Der Mann des Chefdesigners
Cello, orientalische Klänge, elektronisches Beat-Gewitter. Und das in einer Show. Bei Balenciaga geht es am Laufsteg stets rund. Die Musik kommt vom Franzose Loik Gomez. Der wiederum ist der Mann von Balenciaga-Chefdesigner Demna Gvasalia.
Dass extra für das Defilee eine eigene Musik komponiert wird, kommt nicht allzu oft vor. Etwas, das Gomez, der seine musikalischen Wurzeln im New Wave, Industrial und Heavy Metal hat, nicht versteht. "Eine Modenschau ist wie ein Film: Nicht nur die Mode, sondern alle Elemente – das Casting, das Décor, das Set-Design, die Musik – müssen Emotionen erzeugen und eine exakte Tradierung unserer Vision sein", sagte er einmal der NZZ Bellevue.
Prodigy und Versace
Besonders häufig haben sich die Wege von Versace und The Prodigy gekreuzt. Am spektakulärsten, als der Frontman - der mittlerweile verstorbene - Keith Flint in einer Bandpause 2004 für Donatella Versace spielte, die ihn einmal als Freund bezeichnete. Er sollte den Steglauf einläuten. Und er tat es - spektakulärer, als vielen lieb war: "Während Flint mit seinem Seitenprojekt Clever Brains Fryin' das Stück "Superstar" interpretierte, sprang er plötzlich von der Bühne und legte sich inmitten des überraschten Publikums nieder. Anschließend streckte er seinen Kopf zwischen die Beine eines Zuschauers und veredelte die Wange einer erstarrten Dame mit seiner Spucke", schrieb das Portal laut.de damals.
Schon in den 90ern waren die Heroen des Big Beat immer mal wieder beim Defilee zu sehen. Wie hier bei einer MTV-Fashion-Show aus dem Jahr 1997 (für Vivienne Westwood).
Nach dessen Tod widmete Donatella Versace ihre Show zur Sommerkolletion 2020 in Mailand Keith Flint. Beim Run der Models hallte der Hit "Firestarter" duch die Räume. Die Models sahen aus wie Flint in den 90ern: mit Doppel-Iro-Frisur und Käferaugen-Sonnenbrillen.
Alexander McQueen und Björk
Eine der fruchtbarsten Kollaborationen zwischen Designer und Musikerin war jene zwischen Alexander McQueen und Björk, die eng befreundet waren. Er gestaltete das coole Cover für das Album Homogenic, führte Regie im Video "Alarm Call" und entwarf das glockenartige Kostüm für das Video "Who is it".
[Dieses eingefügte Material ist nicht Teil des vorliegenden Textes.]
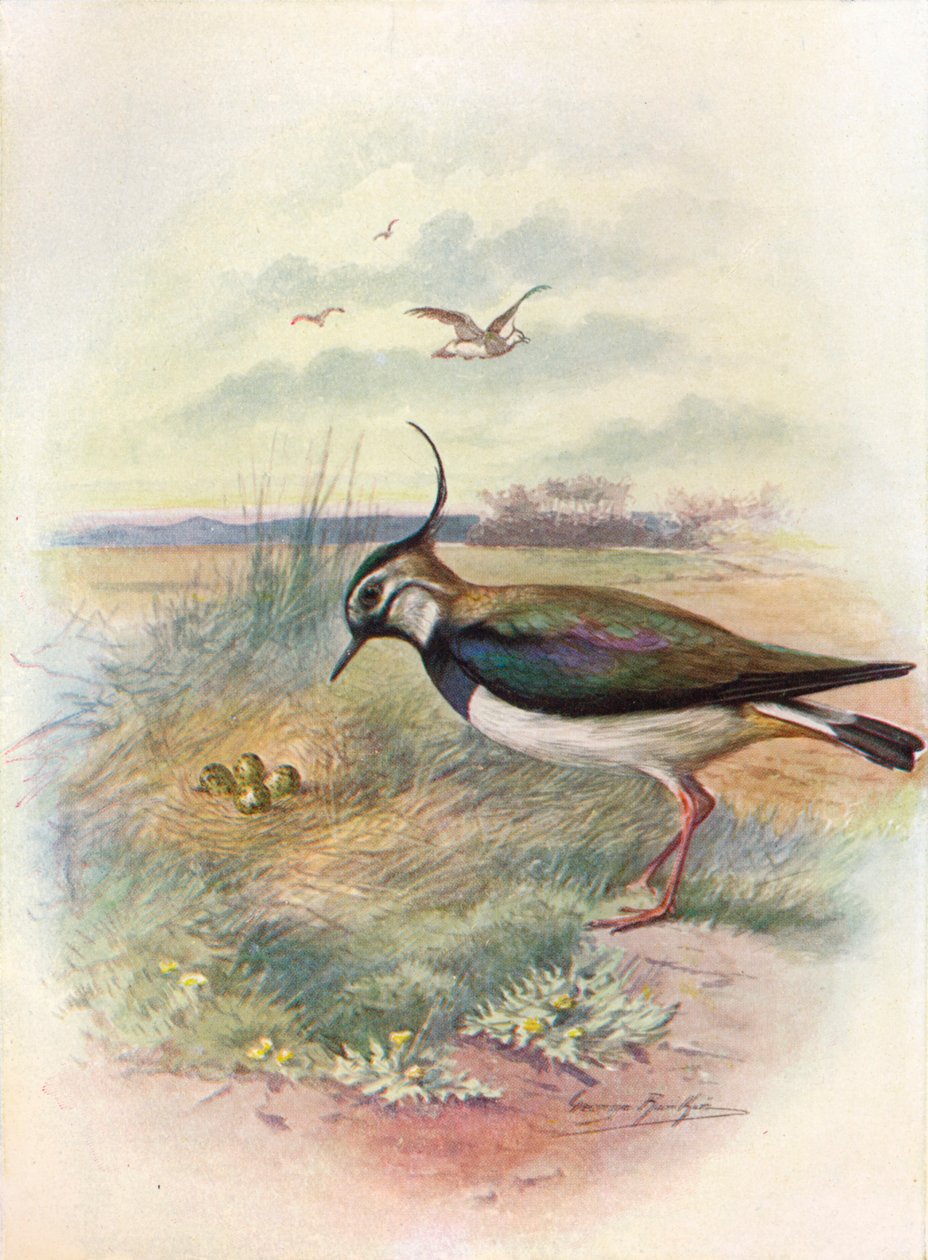 Čejka obecná nebo čejka obecná - Vnellus vulgaris, c1910, 1910 od George James Rankin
Außerdem sang sie auch auf einer großen TV-Fashion-Show zur Präsentation der McQueen-Kreationen.
Bei seiner Beerdigung 2010 zollte Björk dem Mode-Wunderkind Tribut und sang das Lied Gloomy Sunday.
Gucci und Detroit Techno
Es muss nicht immer nur der Laufsteg sein. Vor zwei Jahren hat die Regisseurin Jenn Nkiru die Anfänge des Techno in Detroit beleuchtet und dabei wegebereitende Persönlichkeiten wie Juan Atkins befragt. Der Film ist in Zusammenarbeit mit Gucci und der Kunst- und Kultur-Zeitschrift Frieze entstanden.
DJ-Lab urteilte: "Trotz der nicht nur durch Gucci und andere Marken immer weiter voranschreitenden Aneignung der Techno- und Rave-Kultur (wie bspw. zuletzt durch Adidas oder Nike) hat der knapp 20-minütige Film durchaus Tiefgang und verortet zu Recht die ersten Anfänge und Einflüsse bei Motown Records und den Detroiter Rassenunruhen von 1967. Nicht ohne Grund bezieht sich der Titel 'Black to Techno' auf die tragende Rolle der schwarzen Kultur."
Victoria`s Secret
Ja, zum Herumgehopse der Models auf dem Runway für die Unterwäsche-Firma Victoria`s Secret gab es schon auch respektable Musik. Schon zig Superstars - von Lady Gaga bis Taylor Swift - haben hier groß aufgespielt. 2017 etwa der 2021 schwer angesagte Harry Styles.